_Exercise goal_. Copy nothing but the lines below, from the one with "Waldparkplatz L28 bei Böklund" through the one with "Bất Tử Thần", exactly as written; no pictures should appear.

*** Opening Records provided ***

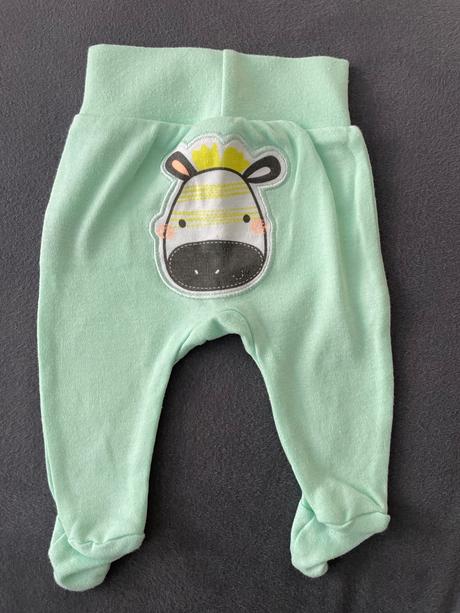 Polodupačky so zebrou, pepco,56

*** Closing Records provided ***
*** Opening Records provided ***

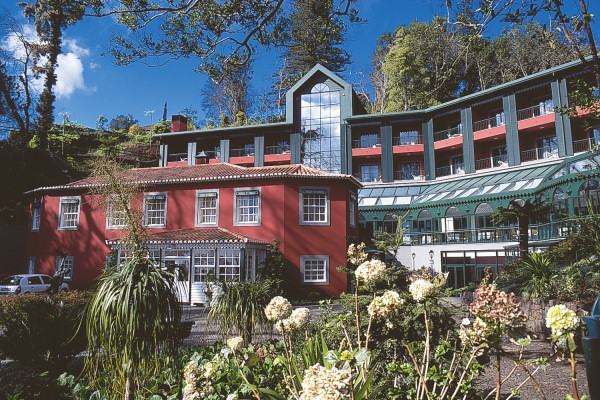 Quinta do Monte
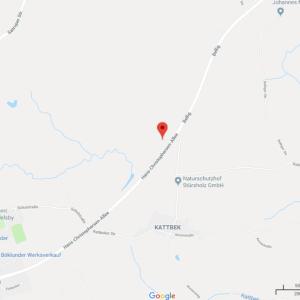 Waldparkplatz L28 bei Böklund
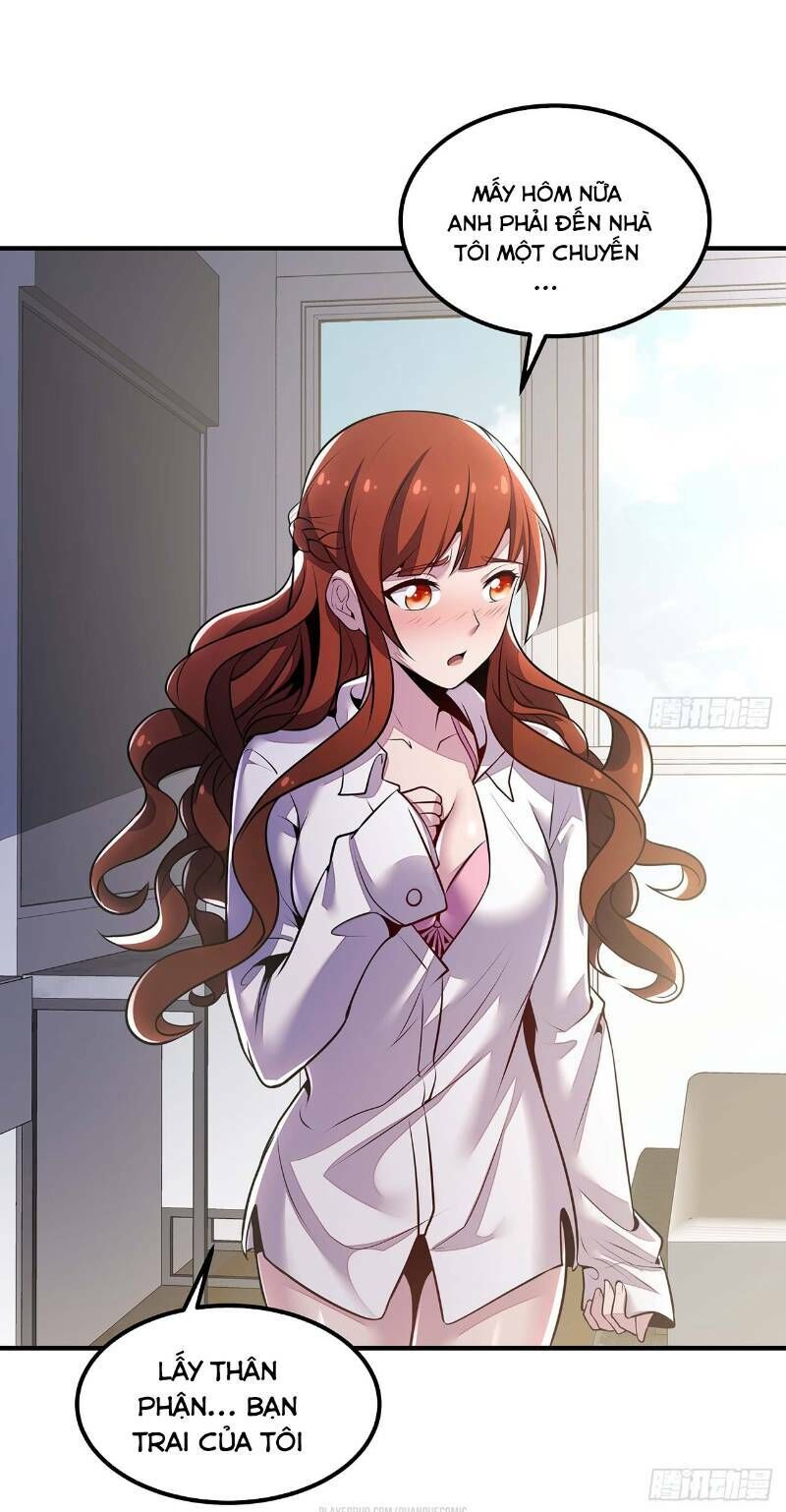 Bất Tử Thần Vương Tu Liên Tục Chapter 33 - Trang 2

*** Closing Records provided ***

_Reply to the task_.
 Waldparkplatz L28 bei Böklund
 Bất Tử Thần Vương Tu Liên Tục Chapter 33 - Trang 2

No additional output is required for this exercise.